The bottom line for all of this is as follows:
1. It is going to be nearly impossible to trade Muhammad Wilkerson for decent trade compensation prior to his 2018 salary becoming fully guaranteed unless Wilkerson returns to his Pro Bowl form, in which case the Jets probably won't want to trade him.
2. Realistically the chance to trade Sheldon Richardson probably begins March 9, 2017 and ends April 27, 2017. If no trade is done by then trading Richardson before he hits free agency becomes problematic.
3. If no trade for Richardson is worked out he will have to be franchised or a long term deal will have to be worked out. Given Richardson's disappointing 2016 season and his often stated desire for a mega contract, a long term deal will not be easy to work out, nor is it necessarily desirable.
4. If the Jets franchise Richardson like they did with Wilkerson then by March of 2018 the Jets will be carrying Richardson and Wilkerson at a whopping $38 million cap hit going into 2018 free agency, something the Jets likely will not want to do.

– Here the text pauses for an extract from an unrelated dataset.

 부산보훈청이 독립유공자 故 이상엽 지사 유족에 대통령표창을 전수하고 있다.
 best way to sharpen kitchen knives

5. Given all of the above the most realistic scenario is that Richardson will be traded sometime between March 9 and April 27, 2017. Waiting past April 27, 2017 to make a decision on Richardson risks painting the Jets into a corner. There will be zero trade value for Wilkerson until well into the 2017 season at the earliest, and if Wilkerson plays well enough to generate trade interest the Jets will probably prefer to retain him. As a result, Wilkerson is largely untradeable. If no trade for Richardson develops by the 2017 trade deadline, then the Jets will be crippled in free agency 2018 by the combined weight of Wilkerson's and Richardson's cap hits.

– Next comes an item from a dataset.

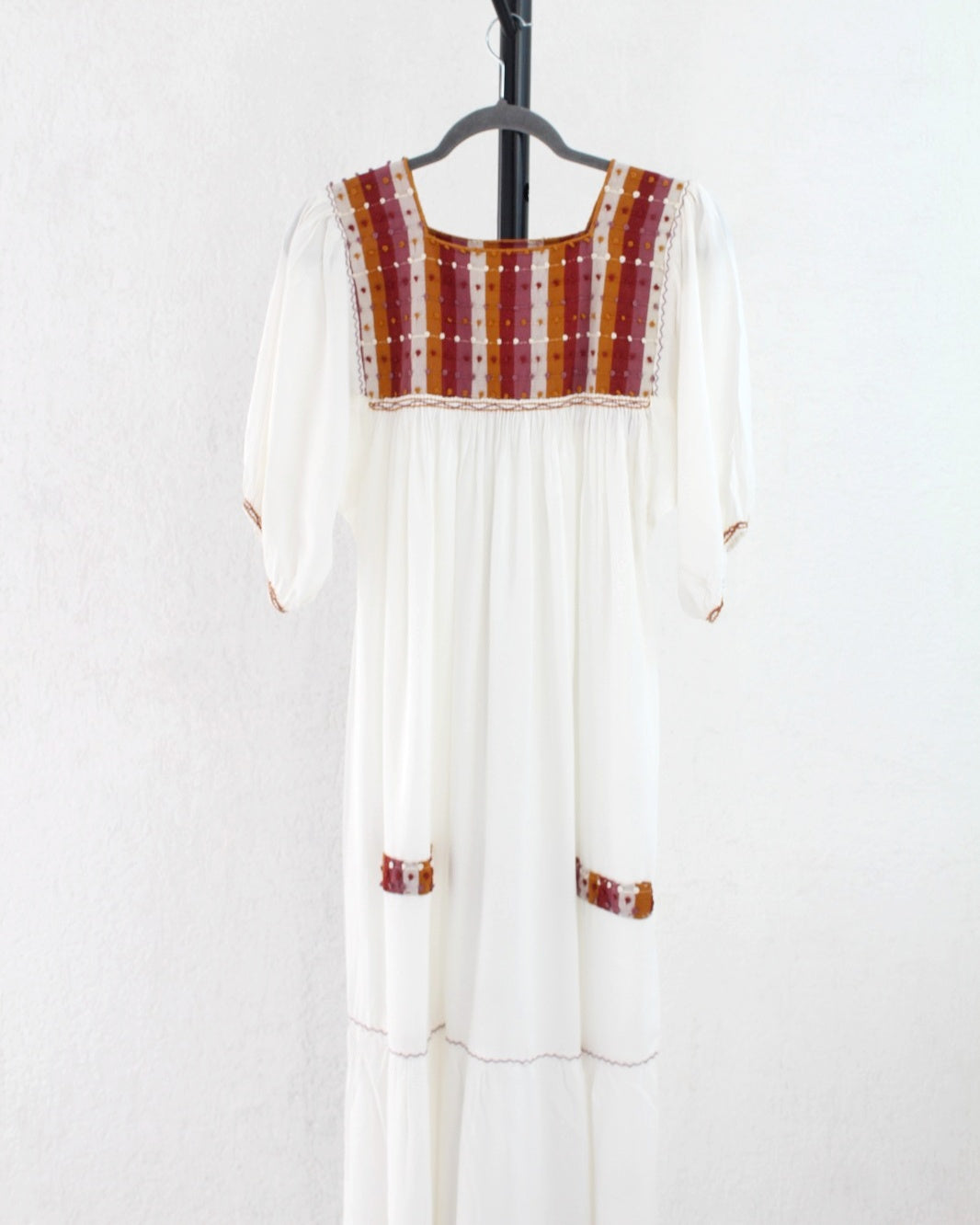 Vestido Nuditos 3/4 Manga Blanco Marrón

6. The Jets could simply cut Wilkerson on March 9, 2018, and will likely do so if he does not return to Pro Bowl form in 2017. If they do so, however, without first working out a long term contract with Richardson, it is possible the Jets will then end up with no Wilkerson in 2018, $9 million in dead money from Wilkerson's contract in 2018, a disgruntled Richardson playing under the franchise tag in 2018, and neither Wilkerson nor Richardson on the team by 2019.
7. Just to complete the picture, Leonard Williams' 5th year option will undoubtedly be exercised by the Jets after the 2017 season for the 2019 season. Since Williams was a top 10 draft pick his option will be more expensive than Richardson's. Currently that option for Williams in the 2019 season is projected to be somewhere in the neighborhood of $13 million.
It is a pretty tangled web the Jets have woven with their underperforming defensive line. The next year and a half will be very interesting to see what decisions they make.